例えば、次のような問いかけをしてみるとよいでしょう。
- 「自分の長所は何だろう?」
- 「自分が大切にしていることは何か?」
- 「これだけは譲れないことは何か?」
- 「結婚してどんな生活を送りたいのか?」
- 「どんな性格の相手が理想なのか?」
- 「過去の成功と失敗についてどう思うのか?」
普段の生活では、こうした振り返りを意識的に行う機会は少ないものです。しかし、対話の中でこれを実践することで、自分の行動を改善したり、成功体験を再現できるようになります。同時に、対話相手もまた自分の考えを整理し、発言します。お互いの話に耳を傾けることで、自分の大切にしていることや相手の価値観を深く理解できるのです。
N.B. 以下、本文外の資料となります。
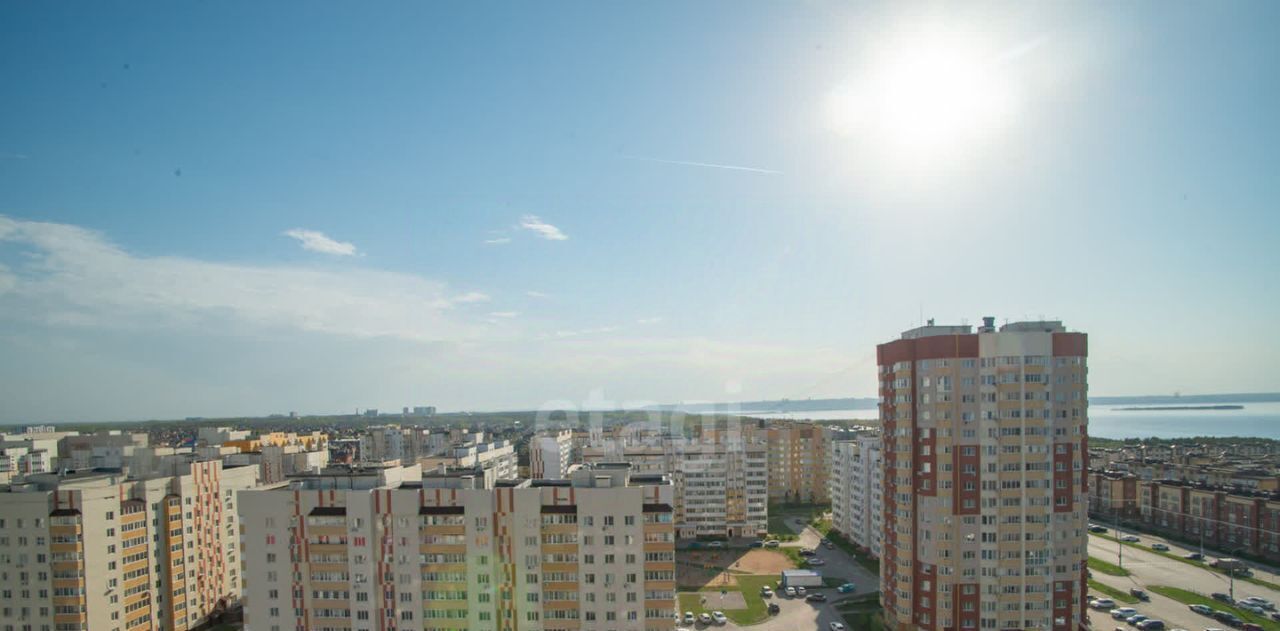 квартира г Ульяновск р-н Заволжский пр-кт Маршала Устинова 7/14а фото 18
そして、婚活において、結婚相手やパートナーへの理解は欠かせません。相手に対する理解はもちろんですが、自分自身を理解することも必要です。哲学対話を実践することで、自然と自己理解や他者理解が深まるのです。何より、哲学対話の魅力は、誰でも取り組めるという点にあります。「哲学」と聞くと、どうしても小難しいテーマや哲学者の理論を学ぶことを想像するかもしれませんが、実際はもっと身近です。「愛とは何か?」といった壮大なテーマでなくても、日常の些細な疑問について話し合えばよいのです。たとえば「何度も繰り返して見たい映画とは?」や「好きな季節とその理由」など、身近なテーマから始められます。哲学対話の場では、意見を自由に交換する中で、自然とお互いの距離が縮まり、信頼関係が築かれます。腹を割って話す対話が欠かせません。パートナーとの良い会話ができているでしょうか? 哲学対話は、こうした深い対話を可能にする絶好の手段です。
結婚観を広げるための多様性
結婚相手との年齢差について、どのようにお考えでしょうか。厚生労働省の人口動態統計によりますと、結婚において最も多い年齢差は「夫婦同年齢」であり、年齢差±3歳までが全体の7割以上を占めています。この事実は、多くのカップルが同じ時代背景を共有するパートナーを選んでいることを示唆しています。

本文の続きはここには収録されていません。